Donald Trump Escalates Qatar Crisis

His statements come amid sensitive negotiations, and after Defense Secretary Jim Mattis and Secretary of State Rex Tillerson tried to calm tensions.

WASHINGTON ― President Donald Trump escalated a spiraling Middle East crisis on Tuesday morning in tweets attacking Qatar, which hosts 10,000 American troops at the largest U.S. military base in the region.

Beginning a little after 8 a.m., the president put out three statements criticizing Qatar and praising neighboring countries ― including Saudi Arabia ― for their moves to isolate the nation in recent days.

The president’s new messages endorse the claims of Qatar’s neighbors, who have waged a years-long campaign to draw U.S. attention to their anxieties about Qatar’s links to political Islam. Emails obtained and authenticated by HuffPost last week show the United Arab Emirates’ ambassador to the U.S. talking explicitly about shutting down the U.S. base and encouraging former Defense Secretary Bob Gates to publicly criticize Qatar.

U.S. officials have tried to avoid the appearance of picking a side in the dispute, which Saudi Arabia, the United Arab Emirates and aligned nations say is over Qatar’s support for violent militants. (Qatar strongly denies the charges.) The Emirates has already taken a hard line, saying Qatar will need to make major concessions for it to re-establish normal ties with the country.

On Monday, Defense Secretary Jim Mattis and Secretary of State Rex Tillerson both expressed hope the tension would be resolved soon. The U.S. ambassador to Qatar, Dana Shell Smith, said on Twitter that the country had made progress on blocking terror finance, and military officials said the American base, the hub of operations against the Islamic State group, was functioning normally.

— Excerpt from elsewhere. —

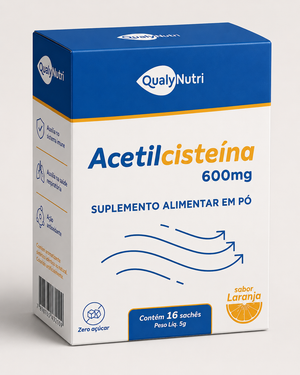 Acetilcisteína 600mg 16 Sachês Sabor Laranja - QualyNutri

Qatar’s defenders say it values its ties to Washington, has been cracking down on private citizens aiding extremists and is hardly the only Middle East nation to struggle with controlling extremist support. They note that Saudi Arabia and the Emirates have both hosted radical preachers and terror funders.

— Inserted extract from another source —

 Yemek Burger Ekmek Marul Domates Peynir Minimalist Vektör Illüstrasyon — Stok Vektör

Kuwait, an influential neighbor of the countries involved and a fellow U.S. partner, is now attempting to mediate. Though U.S. officials ― and the Trump administration in particular ― have seemed sympathetic to worries about Qatar’s links to Islamist politicians, Trump’s tweets on Tuesday signal that they are willing to actually help increase pressure on Qatar during this new crisis. Support from Washington will likely embolden the Emirates and other Qatar skeptics.

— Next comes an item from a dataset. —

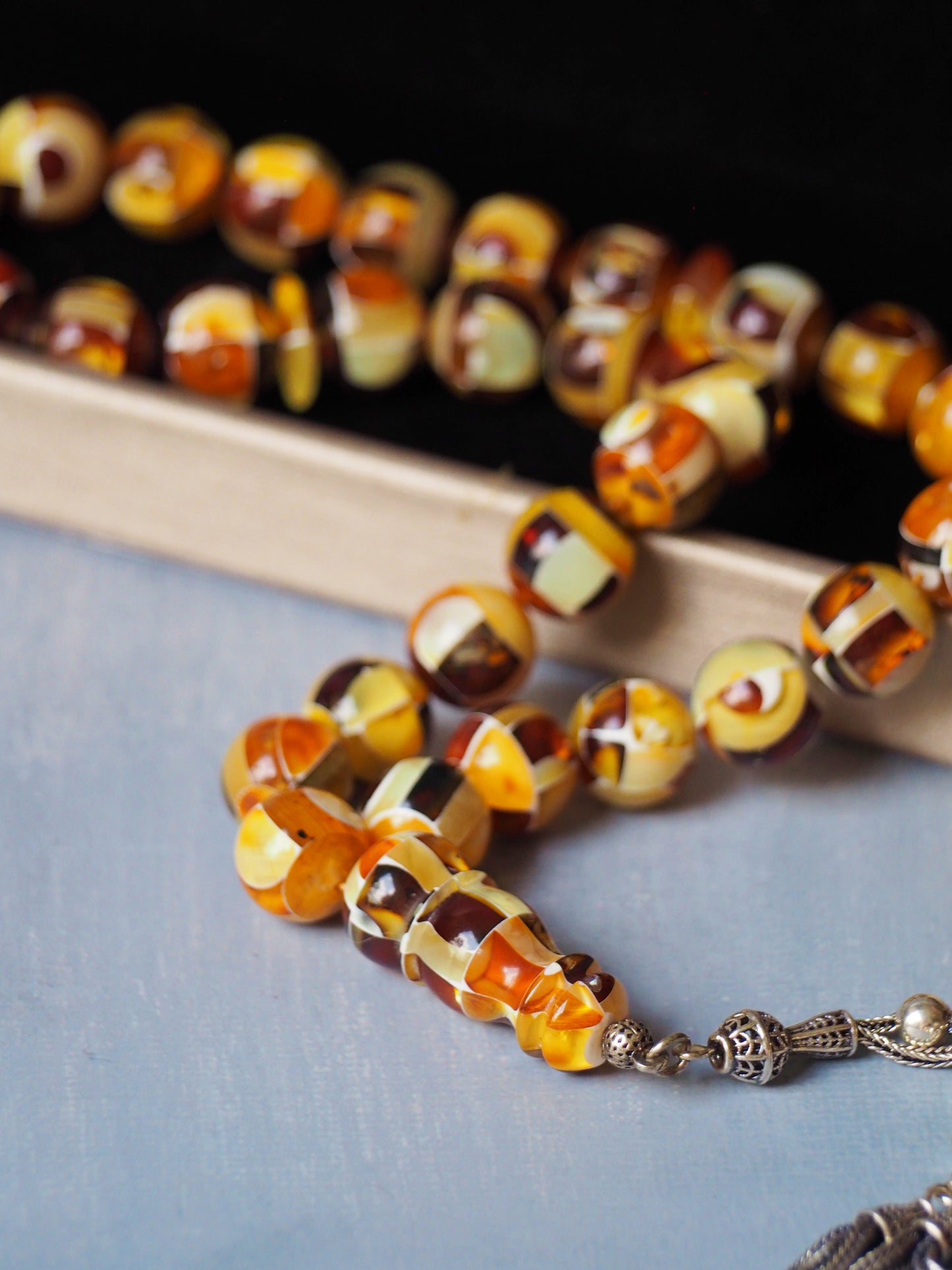 Natural Mozaic Multicolor Amber Rosary 12mm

The president seems to be taking the matter personally, linking it to his high-profile trip to Saudi Arabia. Analysts say the regional tensions reveal that Trump had failed to meet his goal of rallying Muslim support around his agenda. “It demonstrates how superficial his achievements were,” Henri Barkey, a former State Department official and current Woodrow Wilson Center think tank expert, told HuffPost yesterday.